**Task to complete:** The answer must be an exact reproduction of the lines from the start of the records below through the line containing "Part of Dead", and nothing more.

**Listed records:**
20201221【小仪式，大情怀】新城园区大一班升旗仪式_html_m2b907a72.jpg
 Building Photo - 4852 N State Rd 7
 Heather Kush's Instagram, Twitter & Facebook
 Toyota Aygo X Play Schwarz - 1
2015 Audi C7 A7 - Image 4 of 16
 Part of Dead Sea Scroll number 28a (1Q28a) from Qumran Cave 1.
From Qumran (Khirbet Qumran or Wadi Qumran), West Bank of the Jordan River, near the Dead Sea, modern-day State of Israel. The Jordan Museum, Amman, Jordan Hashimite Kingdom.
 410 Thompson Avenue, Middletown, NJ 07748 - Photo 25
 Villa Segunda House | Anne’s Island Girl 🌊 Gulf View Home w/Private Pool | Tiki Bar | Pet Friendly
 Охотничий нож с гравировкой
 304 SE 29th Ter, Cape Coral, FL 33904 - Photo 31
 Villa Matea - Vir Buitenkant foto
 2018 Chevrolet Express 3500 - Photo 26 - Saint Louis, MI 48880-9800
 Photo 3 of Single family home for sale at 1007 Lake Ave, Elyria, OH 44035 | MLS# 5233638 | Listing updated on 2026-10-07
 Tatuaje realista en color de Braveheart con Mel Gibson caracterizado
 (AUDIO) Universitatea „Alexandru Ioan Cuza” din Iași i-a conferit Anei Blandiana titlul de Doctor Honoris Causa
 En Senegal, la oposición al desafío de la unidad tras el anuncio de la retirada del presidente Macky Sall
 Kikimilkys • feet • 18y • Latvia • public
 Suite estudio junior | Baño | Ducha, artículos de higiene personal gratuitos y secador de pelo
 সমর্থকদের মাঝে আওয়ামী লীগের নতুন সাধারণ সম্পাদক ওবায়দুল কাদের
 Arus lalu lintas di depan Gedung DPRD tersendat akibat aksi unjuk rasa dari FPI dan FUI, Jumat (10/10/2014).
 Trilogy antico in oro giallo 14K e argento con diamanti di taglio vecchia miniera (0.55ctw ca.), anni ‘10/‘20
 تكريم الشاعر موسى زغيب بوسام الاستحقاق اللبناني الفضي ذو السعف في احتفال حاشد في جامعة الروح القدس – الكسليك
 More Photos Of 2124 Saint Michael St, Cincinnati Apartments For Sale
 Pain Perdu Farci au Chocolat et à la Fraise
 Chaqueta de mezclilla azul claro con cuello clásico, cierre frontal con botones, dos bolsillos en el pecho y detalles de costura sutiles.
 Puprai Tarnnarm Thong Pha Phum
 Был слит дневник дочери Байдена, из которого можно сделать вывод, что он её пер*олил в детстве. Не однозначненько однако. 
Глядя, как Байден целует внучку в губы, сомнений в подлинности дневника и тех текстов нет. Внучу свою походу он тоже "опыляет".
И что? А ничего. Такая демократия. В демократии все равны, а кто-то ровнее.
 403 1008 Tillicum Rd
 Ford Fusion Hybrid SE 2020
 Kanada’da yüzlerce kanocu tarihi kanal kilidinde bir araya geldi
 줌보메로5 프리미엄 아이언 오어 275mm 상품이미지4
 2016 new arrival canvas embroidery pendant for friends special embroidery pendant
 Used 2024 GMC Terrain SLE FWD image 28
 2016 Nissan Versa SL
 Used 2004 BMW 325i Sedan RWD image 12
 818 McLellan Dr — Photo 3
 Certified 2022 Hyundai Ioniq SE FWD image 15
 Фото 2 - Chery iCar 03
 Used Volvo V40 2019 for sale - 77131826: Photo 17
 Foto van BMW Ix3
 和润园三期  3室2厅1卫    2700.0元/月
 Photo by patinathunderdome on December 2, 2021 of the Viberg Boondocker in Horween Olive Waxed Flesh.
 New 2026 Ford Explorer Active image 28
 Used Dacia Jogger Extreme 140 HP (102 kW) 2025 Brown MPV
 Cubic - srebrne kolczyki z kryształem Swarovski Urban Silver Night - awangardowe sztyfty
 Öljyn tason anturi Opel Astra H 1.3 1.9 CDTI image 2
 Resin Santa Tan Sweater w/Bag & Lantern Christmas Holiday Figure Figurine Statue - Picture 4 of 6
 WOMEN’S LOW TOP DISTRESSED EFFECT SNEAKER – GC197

**Answer to this problem:**
20201221【小仪式，大情怀】新城园区大一班升旗仪式_html_m2b907a72.jpg
 Building Photo - 4852 N State Rd 7
 Heather Kush's Instagram, Twitter & Facebook
 Toyota Aygo X Play Schwarz - 1
2015 Audi C7 A7 - Image 4 of 16
 Part of Dead Sea Scroll number 28a (1Q28a) from Qumran Cave 1.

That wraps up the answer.